Latent Variable Models (Basic)
This course focuses on translating substantial theories into LVMs. Participants acquire basic skills in fitting LVM models using the R package lavaan (short for LAtent VAriable ANalysis).
- Target group
- PhD candidate
- Marjolein Fokkema (Assistant Professor) Marian Hickendorff (Assistant Professor) Julian Karch (Assistant Professor) Mathilde Verdam (Assistant Professor)
Lectures will be combined with computer assignments. The lectures will cover LVM theory as well as practical applications. We will focus on how to perform LVM analyses and how to interpret the results. Applications from psychology will be used to illustrate the methods.
- Study material
- Beaujean, A. A. (2014). Latent variable modeling using R: A step by step guide. New York, NY: Routledge/Taylor and Francis. Additional course material to be announced.
Most psychological characteristics cannot be measured directly, unlike directly measureable variables such as temperature or distance. They are latent variables, which can only be measured indirectly through, for example, items of tests or questionnaires. These item responses are used as a measure, or indicator, of the psychological characteristic (construct) of interest. Using latent variable models, we can assess how well these latent variables are measured, how they change over time, and/or how they are associated with other variables.
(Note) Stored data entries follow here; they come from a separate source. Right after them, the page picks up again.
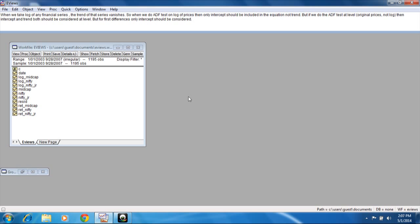Regarding that, I want to teach what we should do. When we take the log of any financial series, the trend vanishes. So when we do the ADF test on log prices, only intercept should be considered, not trend. But if we do the ADF test at level — like raw prices from Nifty or Nasdaq — then both intercept and trend should be considered. When we do it for first differences like log differences or simple returns, we should consider only intercept.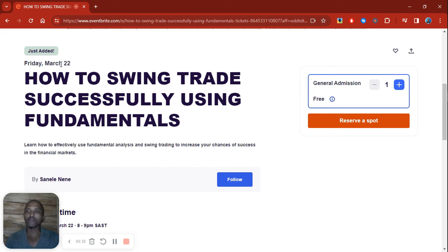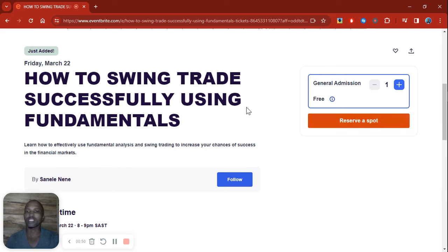This event will be on Friday, March 22nd. If you want to reserve your spot, just click on the first link in the description. That link will take you to a page where you'll be able to reserve your spot. You will not be able to attend the webinar unless you've reserved your spot and received a ticket.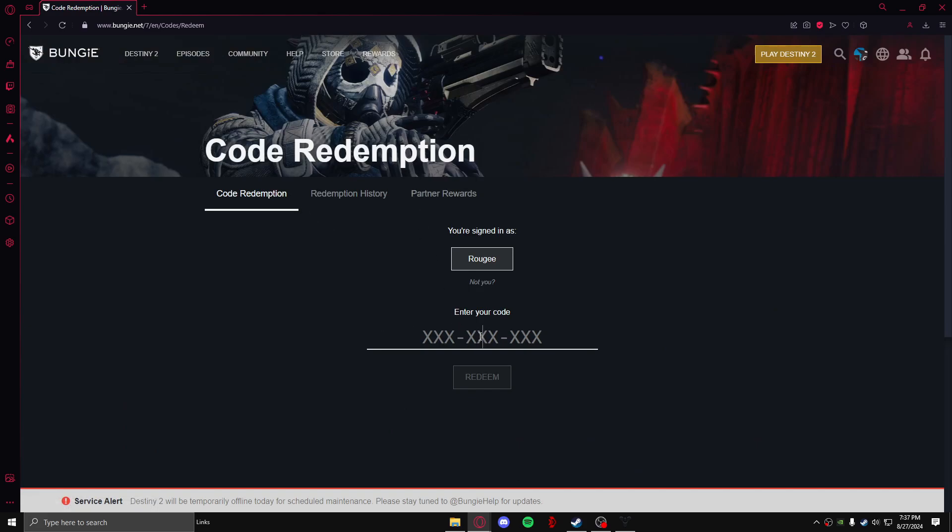So let's say whatever the code is, and after that you can click on redeem. After you have clicked on redeem it will ask you to confirm it, and after that your code will be redeemed and then you'll get whatever the gift card or code had in the card.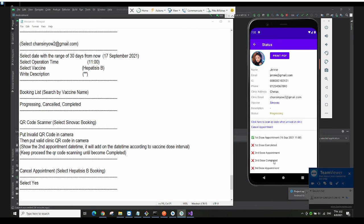All of this was implemented by Day One Thing, except for the QR code scanning and the cancel appointment features, which were implemented by Chai Zing.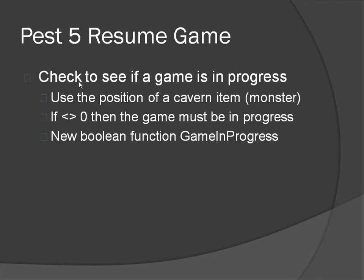So, the first thing we need to do is at the main menu, we need to see if there is a game in progress. And the way I propose to do that is that we are just simply going to do a little test to see if the position of a particular cavern item, and I am going to use the monster position, is equal to 0 or not. If it is equal to 0 then it has not been assigned a value because 0 is not part of the cavern. The cavern goes from 1 to 7 or 1 to 5 in its default size.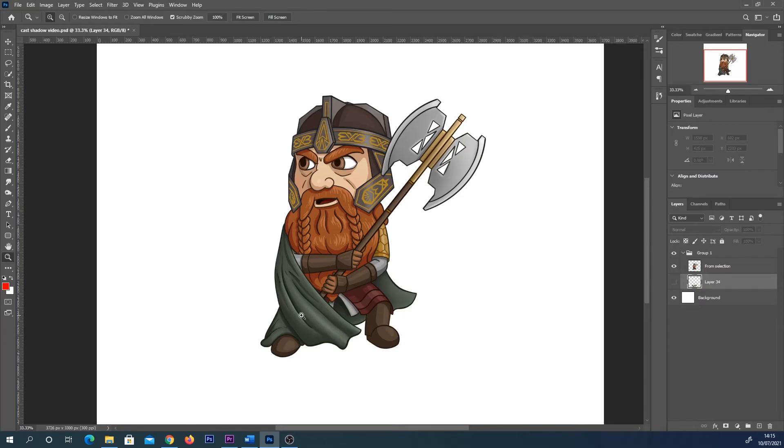Hey everyone, this is just going to be a really basic tutorial showing you a quick way that you can add a drop shadow or cast shadow to your characters in Photoshop.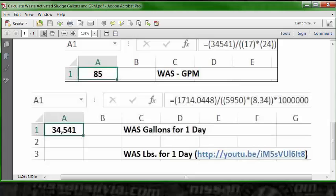So the formula to calculate the waste activated sludge gallons for one day is 1,714.0448 divided by the combination of 5,950 times 8.34. And that total result is multiplied by a million. That's where we get our 34,541 gallons.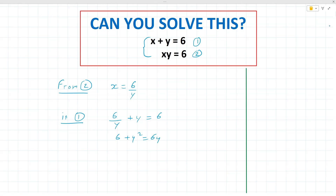Moving the 6y to the left, we get y squared minus 6y plus 6 equals 0. And so this is a quadratic equation.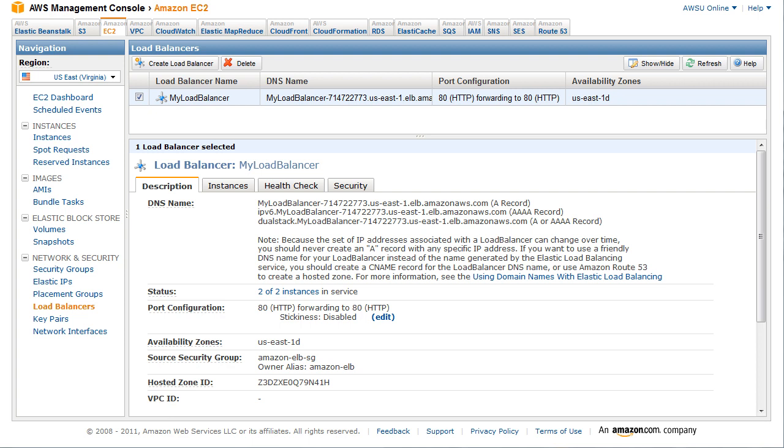Deleting a load balancer. As soon as your load balancer becomes available, you're billed for each hour or partial hour that you keep the load balancer running. After you've decided that you no longer need the load balancer, you can delete it. To delete your load balancer,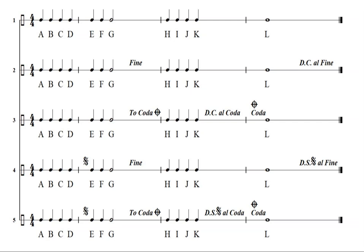Line five is the last example, using the DS Al Coda. When we hit the DS Al Coda, we go back to the beginning of measure two, and at the end of measure two we skip to the coda for the L. Line five: A, B, C, D, E, F, G, H, I, J, K — E, F, G, L. Line five again: A, B, C, D, E, F, G, H, I, J, K — E, F, G, L.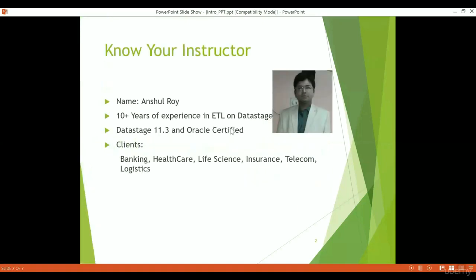Hello everyone, welcome to this course on IBM Data Stage. My name is Anshul and I am the instructor of this course. I have 10 plus years of experience in ETL on Data Stage and I am Data Stage 11.3 certified and Oracle certified. I have experience working with clients in banking, healthcare, life science, insurance, telecom, and logistics. I have implemented many ETL scenarios and structured data warehouses using ETL Data Stage.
Two widely known frameworks for latent variable modeling are Structural Equation Modeling (SEM) and Item Response Theory (IRT). Traditionally, IRT models were often used for analysis of dichotomous and (ordered) categorical item responses. SEM models were traditionally developed for analyses of continuous variables, and include techniques such as path analysis, confirmatory factor analysis and latent growth modeling.
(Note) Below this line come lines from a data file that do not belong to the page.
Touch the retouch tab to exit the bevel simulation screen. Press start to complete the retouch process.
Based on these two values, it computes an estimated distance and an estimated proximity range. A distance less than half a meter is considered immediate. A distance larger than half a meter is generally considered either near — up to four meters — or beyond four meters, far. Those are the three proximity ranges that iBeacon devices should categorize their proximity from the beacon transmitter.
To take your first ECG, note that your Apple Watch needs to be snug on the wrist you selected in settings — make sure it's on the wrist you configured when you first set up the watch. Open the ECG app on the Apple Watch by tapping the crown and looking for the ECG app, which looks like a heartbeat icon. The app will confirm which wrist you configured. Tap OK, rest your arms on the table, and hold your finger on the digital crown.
This course offers a theoretical and practical introduction to SEM and IRT models. Several LVM model types will be discussed, including:
- path analysis,
- confirmatory factor analysis,
- IRT and ordered categorical item response models,
- measurement invariance (a.k.a. differential item functioning), and
- basic latent growth curve models.
Basic proficiency in R is a requirement: participants are advised to have taken the course ‘Introduction to R’, or should otherwise make sure that their R programming skills are at a similar level. Please bring your laptop to the course with R and lavaan installed.